No diálogo capturado pela Carne Fraca, Flávio Cassou diz a Eraldo que tem "oito certificados aqui navio para embarcar".
– Pra China? – questiona o fiscal.
– Pra China, daí eu pensei o seguinte: que tal nós arriscar (sic) carcar o seu. Daí embarcar vai, se tiver que voltar nós trocamos, que você acha? – propõe Cassou.
– Lá no Ministério não tem ninguém habilitado? – procura saber Eraldo.
– Não tem mais ninguém. A Maria tá viajando; tem a Marcia, mas a Marcia eu já cansei de fazer dessa de mandar e voltar, o dela também não tá aprovado né – explica o homem da JBS na Carne Fraca. – Eu tava pensando dentro daquele troço que os caras tão fazendo, numa dessa nós mandamos, a empresa tá consciente. Vou mandar com o risco de voltar e ter que ser trocado; a empresa topa.
– Mas chega lá não dá problema, Cassou? – pergunta Eraldo.
– Não, não vai dar problema, porque eles não recebem, a empresa traz de volta, refaz e faz de volta com outros, anula aquele e faz um novo. Só que não perde o embarque né – afirma Flávio Cassou.
O fiscal responde.
– Pois é, vamos pregar fogo né.
– Vamos pregar fogo. Daí, amanhã, eu mando pra você.
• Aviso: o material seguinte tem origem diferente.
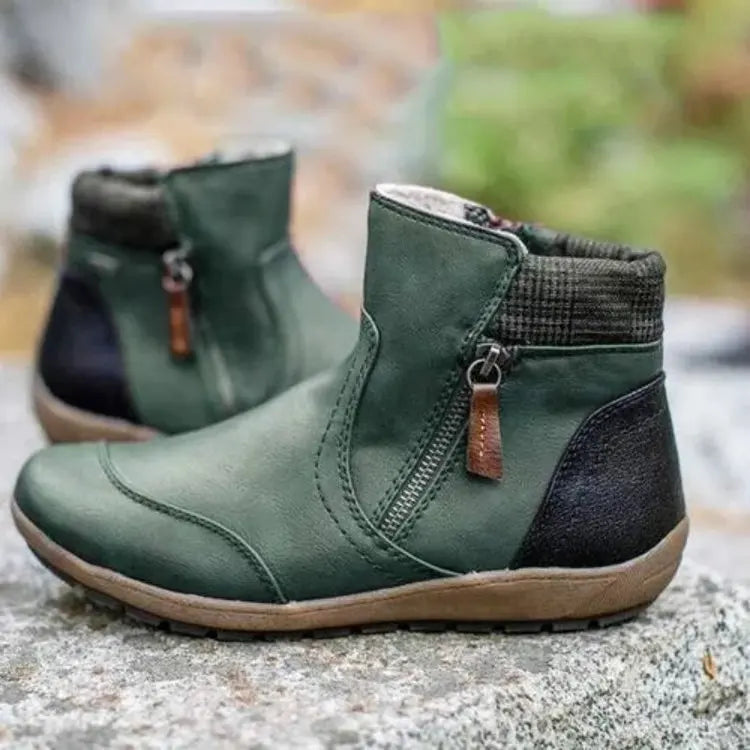 Dame Støvler med Lynlås og Komfortabel Design 8
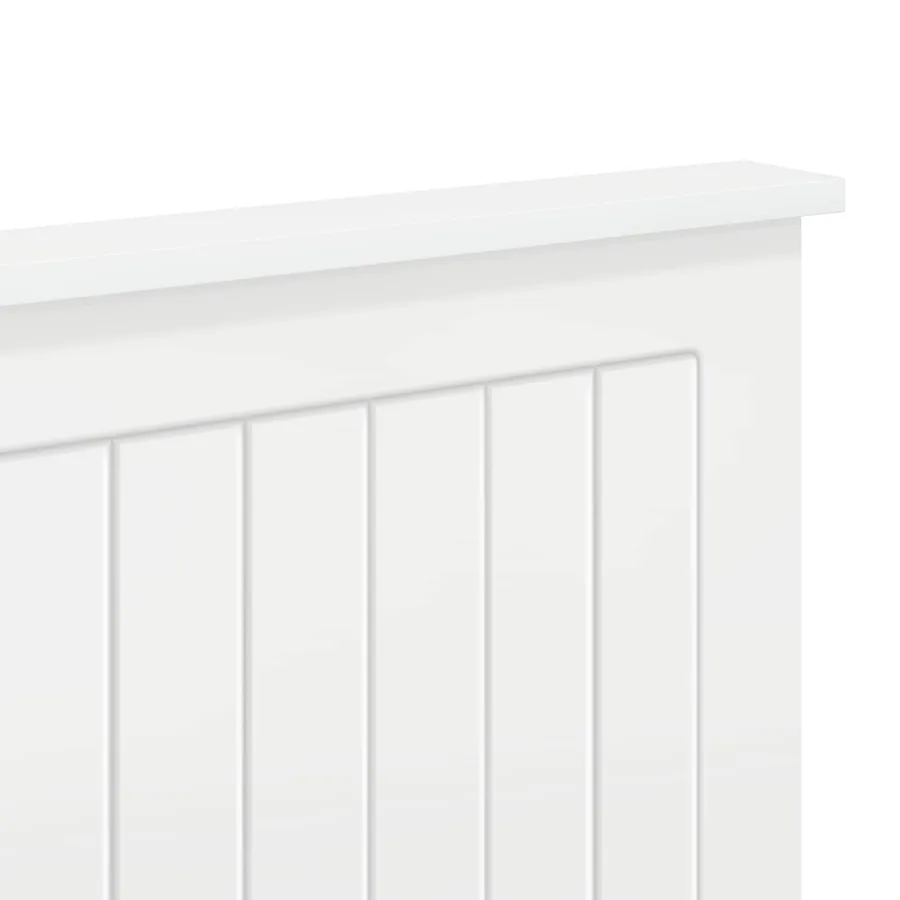 Tête de lit Blanc Brillant 200 cm Bois d'ingénierie - 7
Você me diz a hora que é bom, eu mando bater aqui, tem mais um ou dois aí eu já mando junto daí – diz o funcionário da JBS.
– Vou de manhã lá no Ministério, Cassou, acho que depois do almoço aqui né – afirma o fiscal.
Flávio propõe.
– Uma hora duas horas na tua casa.
– Uma e meia, duas horas – diz o fiscal.
– Então não se assuste que vou mandar oito China pra você – afirma Flávio.
– Manda … assinamos aí – diz o fiscal.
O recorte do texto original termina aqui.